Introduction: The Quest for Objectively Good Code0:00
Thank you everyone for coming. I'm Chris. Nice to meet you all. Here I'm talking about this topic.
Speaker's Background and the Genesis of the Talk0:22
Let's get start. I have so many things to talk about. A little bit about me. I'm working as a lead consultant at ThoughtWorks. I go into bunch of companies, try to make their software engineering practice better. I have been doing that for quite a while. I've been programming in many languages. There's some list here.
I learn a lot about different patterns, practice, how different communities thinking about different sets
of what is good, what is bad, what is qualities and what's not.
I also teach bunch of courses online, offline.
I'm follower of many programming communities, dramas, and debate.
The Elusive Nature of Objectively Good Code1:25
That's inspire me to this talk. เสียงมันนิดนึงครับ ไม่ค่อยดี
I have seen a lot of people in the programming communities and inside the companies that I work with, we are debating a lot about what is the best way to program things.
That's where this session coming from. Let's talk about a little bit of inspiration. I have been programming for 13 years now.
Conflicting Coding Philosophies: Design Patterns vs. Duplication2:08
We all know that we all must write a good code. But what is really good code? I'm pretty old compared to the audience here. In my university days, they taught me this book. This is called the Design Pattern. When I still in the university, they say that object-oriented programming is the best way. We all should learn about how to abstract things correctly. This is a book from GoF, which is actually acronym for Gang of Four. Sometimes we call them God of Four. They's like a very strong programmer. I don't know who they are. I just know their name. It used to be like a pinnacle of good coding design back in my university's day.
After I work with in the industry for few years, then I heard this talk from Sandi Metz.
She's very awesome. She's talk about how to do object-oriented programming. One topic that she talk about is the wrong abstraction is much costlier than duplication.
That also resonate with me on the experience level. Many people in the community agree with that sentiment. But now, then I realize that this is contradict of what my teacher taught me in universities because we were talking about need to abstract thing. Now we say that we shouldn't abstract thing so much.
Interesting.
The Clean Code Movement and Its Critics3:59
I think back again when I start my journey, like first few years in my programming career, we have this as a pinnacle of good code. It's called the Clean Code. Now we sometimes use the word "clean code" and
"good code" interchangeably for some reason. Come to think about it, is clean really mean good? I don't know. But something to think about. Then after that, there's a lot of article that talk
about maybe clean code is not the right thing to do anymore. I think this is article from Dan Abramov, which is a very famous person in React community. If you following the React, he's author of Redux, which is a very big state library in React. Now he's still working actively on React.
The JavaScript Framework Frenzy and the HTMX Counter-Movement5:10
Let's talk about JavaScript frontend frameworks. Boy, we have so many of them.
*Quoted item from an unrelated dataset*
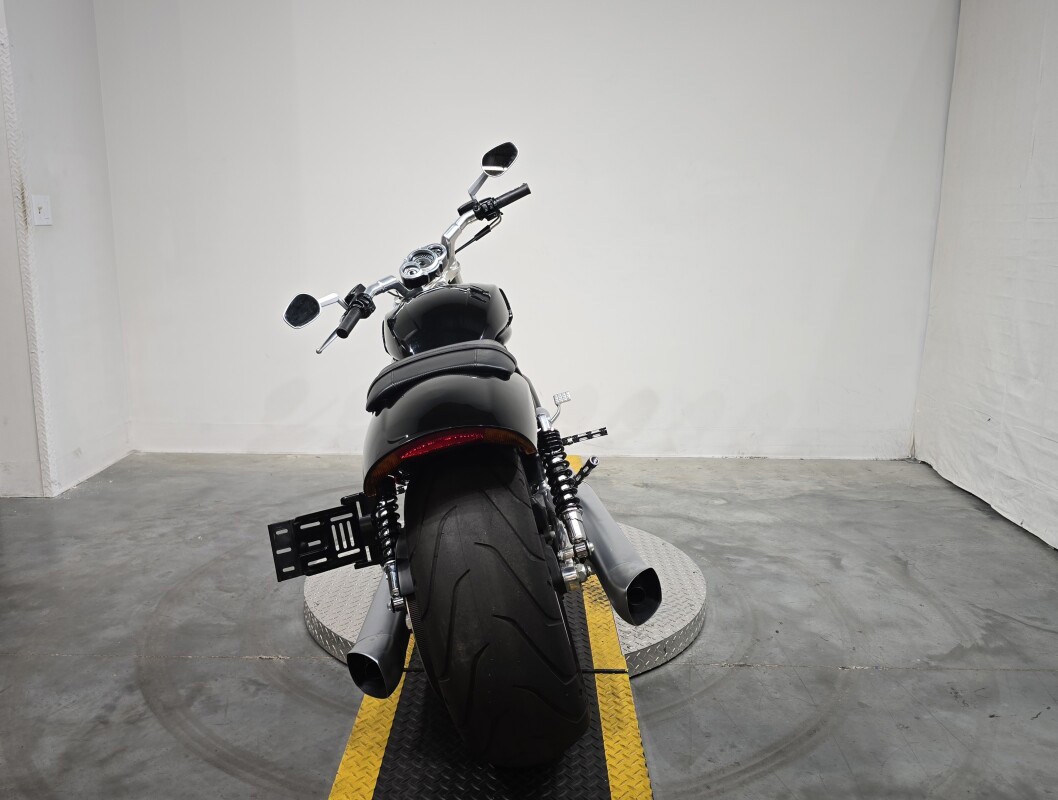 V-Rod® Muscle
I think this is just five one that I can think of. I believe there's much more than five. I'm not sure even thousand at this point, but okay. And I think some of you resonate with the way that each framework do things. Some of you might enjoy Vue, Angular, Svelte, or React.
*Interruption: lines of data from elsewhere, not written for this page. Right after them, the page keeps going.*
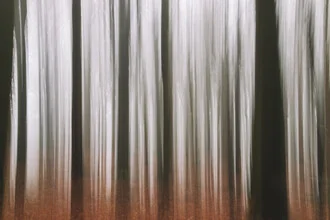 Abstract forest photo with blurred trees in soft green hues.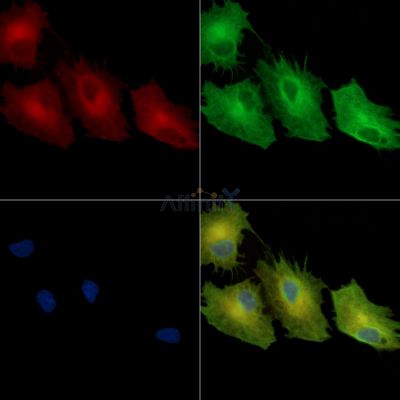 Валидация Affinity DF14037 - 9807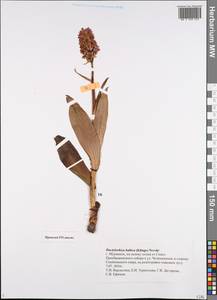 Dactylorhiza majalis subsp. baltica (Klinge) H.Sund., Eastern Europe, Northern region (E1) (Russia)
I found Solid to be super promising, but it's very hard to get a chance to work with it extensively.
So, there's so many frameworks, and I think the audience here, since this is JavaScript Bangkok, I think you have some favorite one. Maybe not in this slide, but I guess you have some favorite. And then a while, we have people who reject all the frameworks here and say that, "No, no frameworks. Let's do HTMX." And I think we have the session about this approach in the afternoon, which is interesting to see. And they say that is too complex and unnecessary.
But okay.
Well, lots of contradict opinion out there, right? Well, it seems we have so many opinions on what is the right way to build the system.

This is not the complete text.